Why are you feeding the prorposal region again through the encoder?

pfjaeger commented 6 years ago

Hi,

i was wondering what the benefit is of feeding the proposed region of the input image again through the encoder to the 3rd layer (where x/y = 24/24). These exact features have been computed in the first pass and you could crop the respective region in the feature map out using the normalized proposal coordinates. You could go straight to the 2x2x2 max pooling layer.

Or am i getting something wrong? Thanks for your answer!

lfz commented 6 years ago

Theoretically, it is absolutely feasible, but consider that the feature will change from epoch to epoch (since the w of conv layers has been changed), so you have to extract feature again and again during tarining. It is time consuming if we use the method you mentioned.

I choose to store the coordinate during the first pass, and extract feature from a small patch around it (96x96x96). So that the computation during feature extraction is very low.
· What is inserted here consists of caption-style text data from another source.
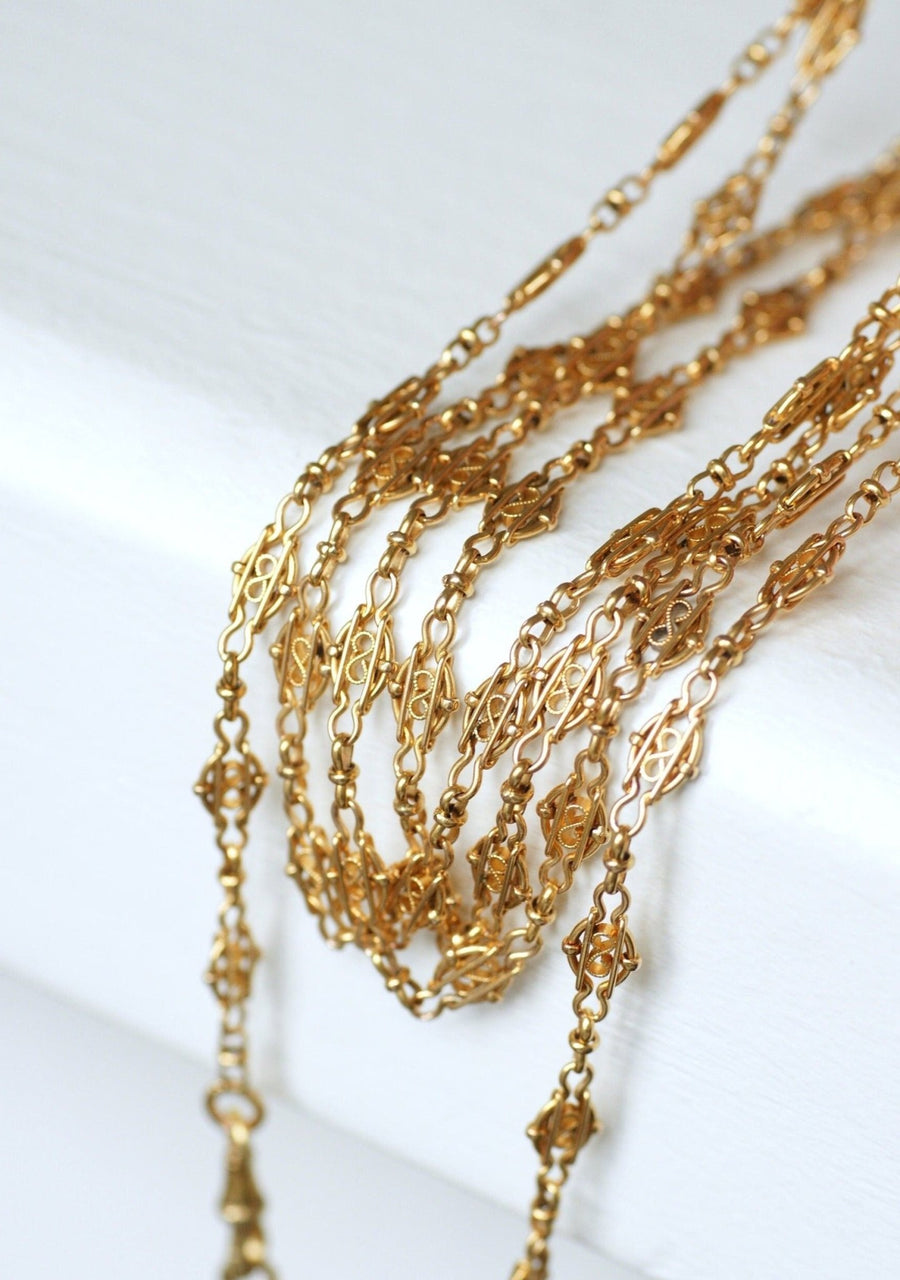 Antique yellow gold filigree necklace - Galerie Pénélope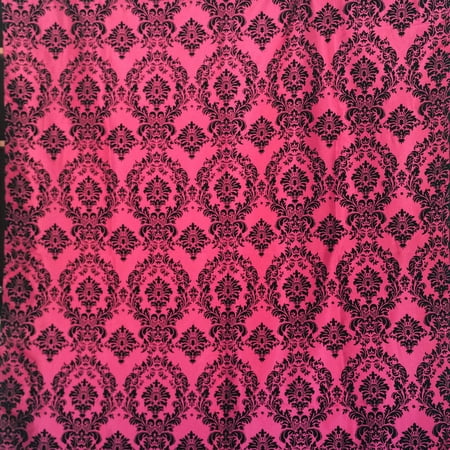 Polyester Taffeta with Velvet Flocked Damask Fabric 58 Wide by 36 (1-Yard) for Arts Crafts & Sewing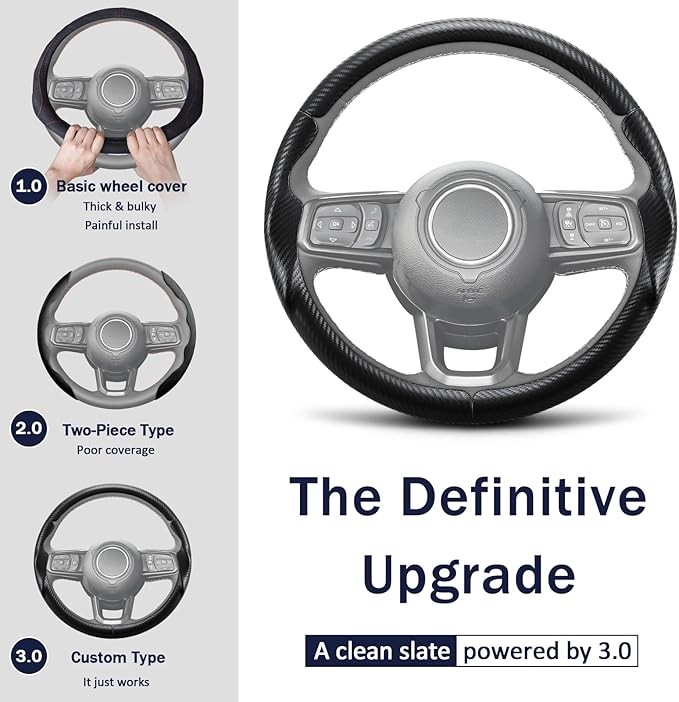 3-Piece Carbon Fiber Steering Wheel Cover, Custom Fit for Jeep Wrangler 2018-2026 Gladiator 2020-2026,Quick Install Ultra-Thin & Non-Slip,Interior Car Accessories for Men Women(Matte Black)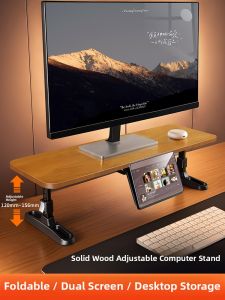Xuenair Solid Wood Monitor Stand Adjustable Laptop Screen Holder Office Desk Multi-Function Storage Base for Desktop Computers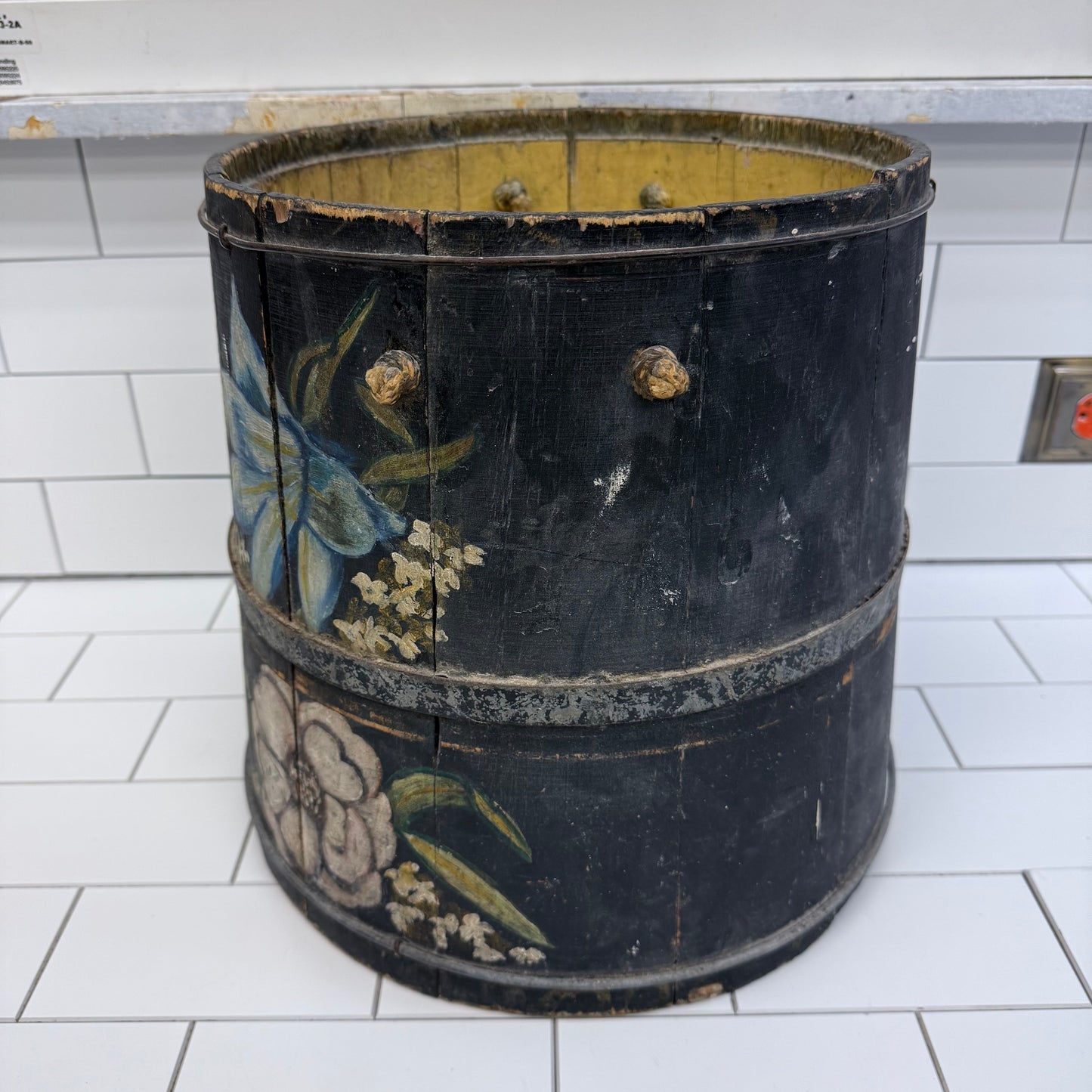 Decorative Bucket, Hand Painted Floral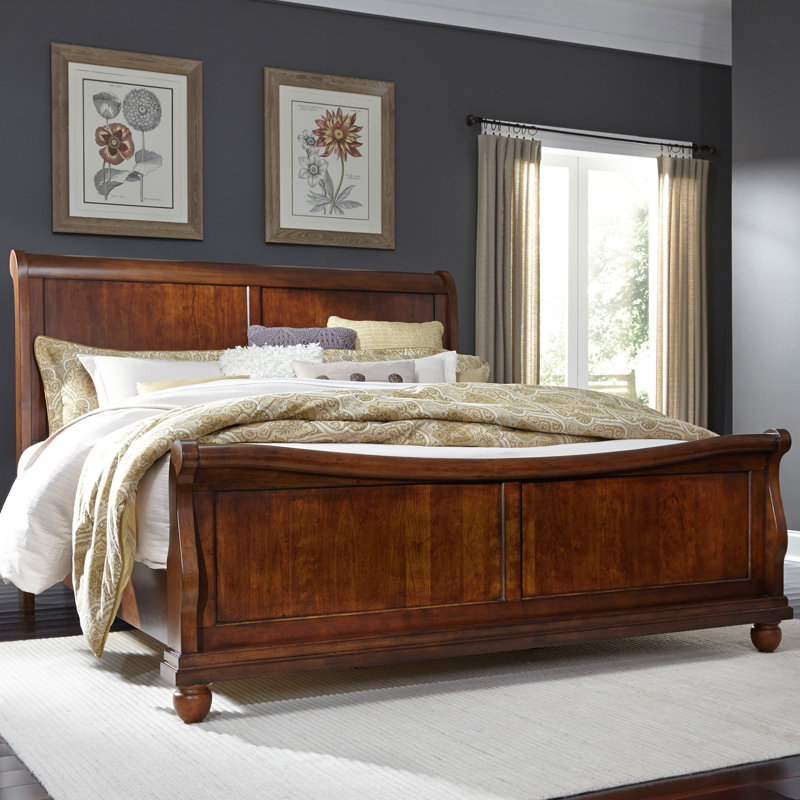 Lenny Sleigh Bed, Queen, Rustic Cherry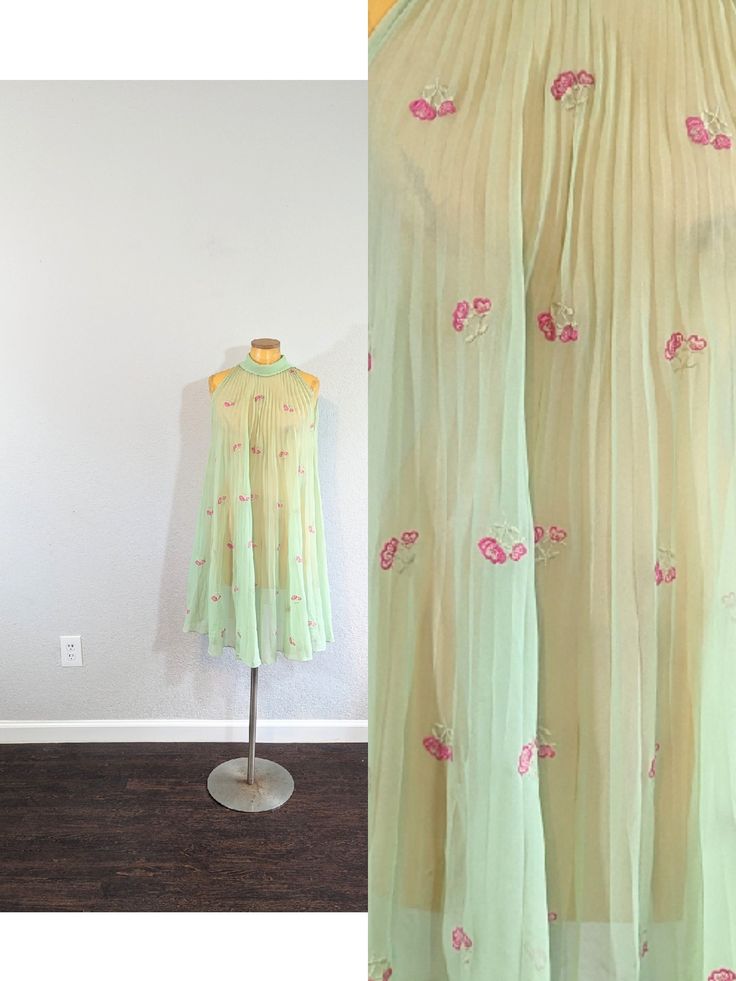 Super cute and flirty 1960's sheer mint green silk chiffon pleated tent dress by "Golden Rose" of Switzerland for Harrod's with embroidered flowers.  FEATURES: * Label: Golden Rose of Switzerland for Harrod's * Circa: 1960's * Materials: Unmarked. Feels like silk chiffon * Color: Mint Green * Pattern: Floral * Length: Knee * Waist: Loose * Sleeves: Sleeveless * Neckline: Reverse Collared (collar tips end at back of neck instead of front) * Closure: Pullover, with button at back of neck. Keyhole Vintage Green Dress With Floral Embroidery, Retro Sheer Dresses For Spring, Vintage Light Green Dress For Spring, Retro Sheer Summer Dress, Collar Tips, Loose Sleeves, Tent Dress, Dark Mark, Golden Rose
2018-03-20 21:34 GMT+08:00 Paul Jaeger notifications@github.com:

Hi,

i was wondering what the benefit is of feeding the proposed region of the input image again through the encoder to the 3rd layer (where x/y = 24/24). These exact features have been computed in the first pass and you could crop the respective region in the feature map out using the normalized proposal coordinates. You could go straight to the 2x2x2 max pooling layer.

Or am i getting something wrong? Thanks for your answer!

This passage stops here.